If you’re interested in the ride-sharing market but don’t know where to start, here are a few reasons why you should pay attention to what’s happening in this space, and why you need to keep a close eye on what Lyft, Uber, and General Motors (NYSE: GM) are doing.
1. Ride-sharing could be worth $285 billion by 2030
There are a lot of estimates out there trying to pinpoint how big the ride-sharing market will be, but one thing they all have in common is that it’s going to be huge. Morgan Stanley said in a 2017 research report that the global ride-sharing market will be worth $285 billion by 2030.
A more recent estimate from Markets and Markets says that ride-sharing services across the globe will be worth $218 billion by 2025. No matter which estimate proves more accurate, it’s clear that ride-sharing is a massive global industry.
That’s why Uber has expanded into nearly 65 countries, and why the company recently spent $3.1 billion to purchase its ride-sharing rival Careem in the Middle East. Uber’s decision to snatch up a larger international player rather than fight it out with Careem in its home territory comes as the global ride-sharing market has become much more competitve. For example, Uber couldn’t keep up with its China rival, DiDi Chuxing, and ended up selling its China business to DiDi a few years back.
2. Americans’ views on car ownership are changing
Americans, particularly younger ones, are far more open to the idea of paying for transportation only when they need it, as opposed to owning a car themselves. And these shifting ideas on car ownership will result in less automotive sales in the coming years. IHS Markit data shows that the auto industry will experience a 33% decline in automotive sales between 2017 and 2040.
With nearly 80% of the U.S. population now living in urban areas, the hassle of owning and driving a car in the city, finding parking, etc. isn’t worth it to many Americans. Add the fact that cars sit idle 96% of the time, and many Americans are losing enthusiasm for the automobile.
GM has seen the writing on the wall, which is why the company currently has a peer-to-peer ride-sharing service that allows GM owners to rent out their cars to others.

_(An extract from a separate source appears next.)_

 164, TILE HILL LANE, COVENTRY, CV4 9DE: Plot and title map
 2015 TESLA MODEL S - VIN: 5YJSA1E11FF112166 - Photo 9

The company also has plans to introduce an autonomous ride-sharing service sometime this year. Though both of the programs will be limited in availability for a while, GM’s bets on self-driving ride-sharing services and peer-to-peer vehicle sharing show that even automotive stalwarts are looking toward new innovations to stay relevant.
3. Ride-sharing usage is growing fast
Morgan Stanley estimates that in 2017 there were about 15 million ride-hailing trips per day worldwide, and that this figure will reach 97 million by 2030. Lyft says that it already completed 178.4 million rides in its fourth quarter of 2018, up from 116.3 million in the same period of 2017. And Uber says that it completes 15 million trips worldwide every single day. For reference, the company, was doing only 1 million rides per day just four years ago.
Additionally, research conducted by Assurant found that 44% of survey respondents use ride-sharing services regularly. That all means that people have taken to these ride-sharing services, which have quickly become a regular part of many users’ daily lives.
A few thoughts for investors
Lyft is the only ride-sharing pure play available to investors right now. The company’s shares are trading a bit lower than the company’s initial IPO share price, and Lyft faces tough competition from Uber, which is expected to go public sometime next month.
Meanwhile, GM will likely dip its toe into the ride-sharing market sometime this year, but investors shouldn’t expect any significant revenue from the service just yet.
In short, while the ride-sharing market is taking off, investors still have limited options for exposure to it. Uber and Lyft are likely the two best plays, but even Uber — with its ride-sharing dominance in the U.S. and many other countries –had an adjusted EBITDA loss of $1.85 billion in 2018.
All of this means that while the ride-sharing industry is growing fast, investors will have to play the long game.